▸ **MATERIAL PROVIDED**

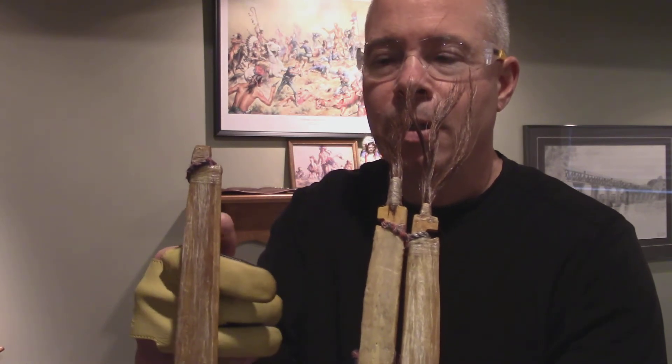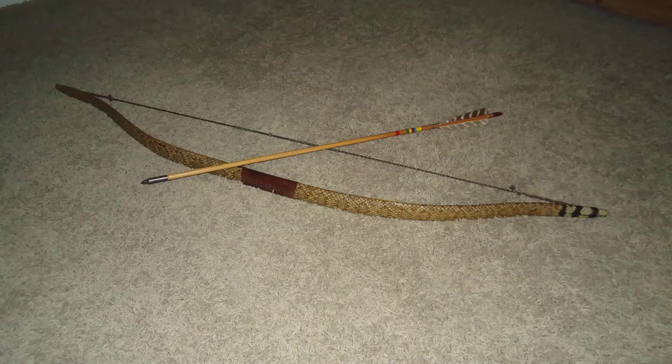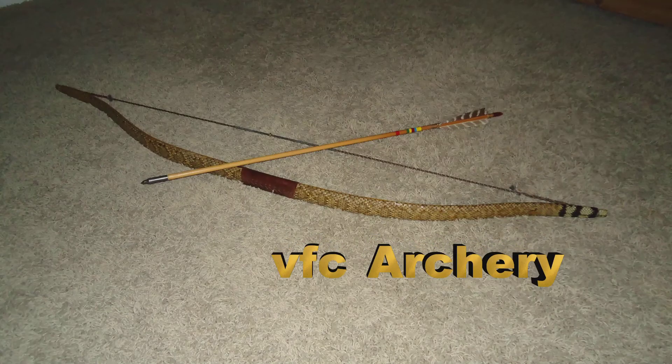My other bow that I'll demonstrate had a haircut, let's say — it doesn't have a tuft of horsehair on it, but it is also a bow that we're going to demonstrate.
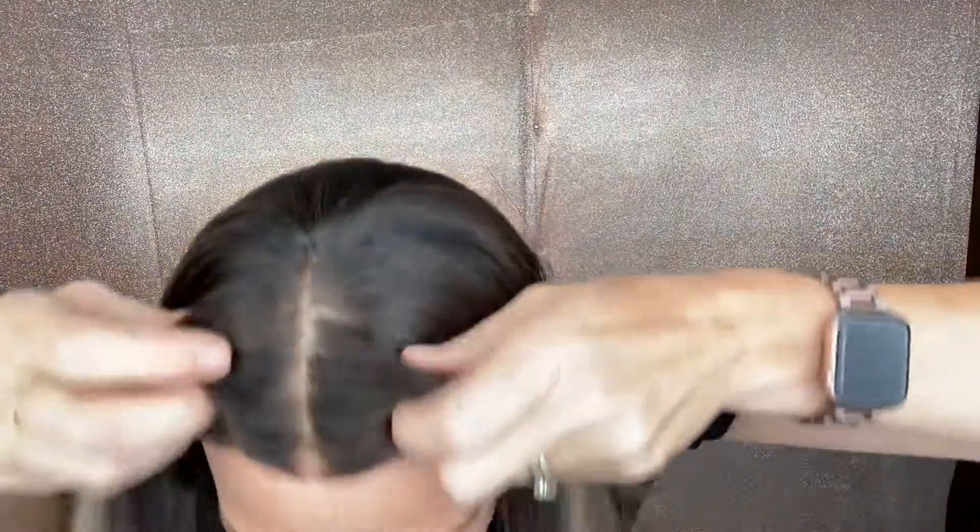Hey everybody, it's Rachel here with Gardo Wigs. Right now I have on an eye wig in a small cap. This is a silk top, lace front.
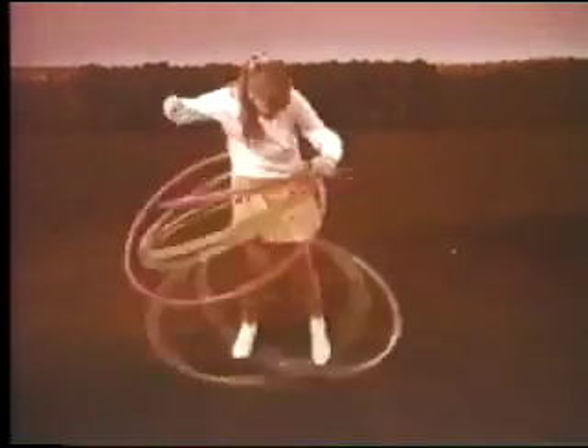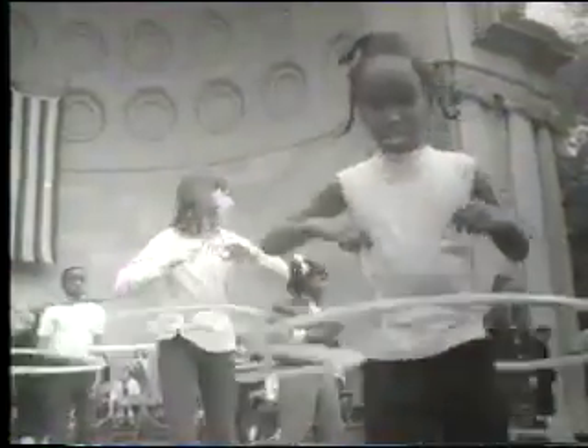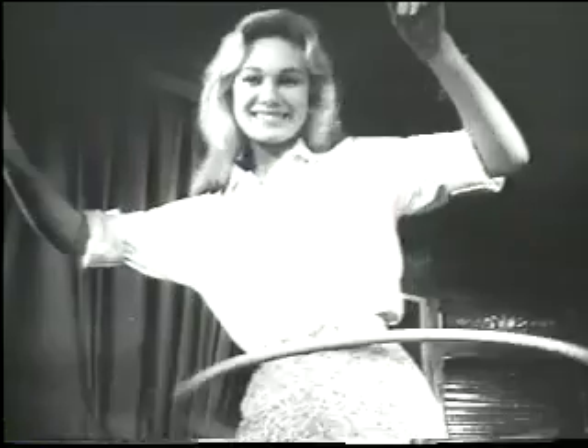Hoops are great fun to play with — not only do children enjoy them, but adults as well. But do they have any use during cataract surgery?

▸ **TASK TO CARRY OUT**
Print the listing exactly, images excluded.

▸ **EXERCISE SOLUTION**
My other bow that I'll demonstrate had a haircut, let's say — it doesn't have a tuft of horsehair on it, but it is also a bow that we're going to demonstrate.
Hey everybody, it's Rachel here with Gardo Wigs. Right now I have on an eye wig in a small cap. This is a silk top, lace front.
Hoops are great fun to play with — not only do children enjoy them, but adults as well. But do they have any use during cataract surgery?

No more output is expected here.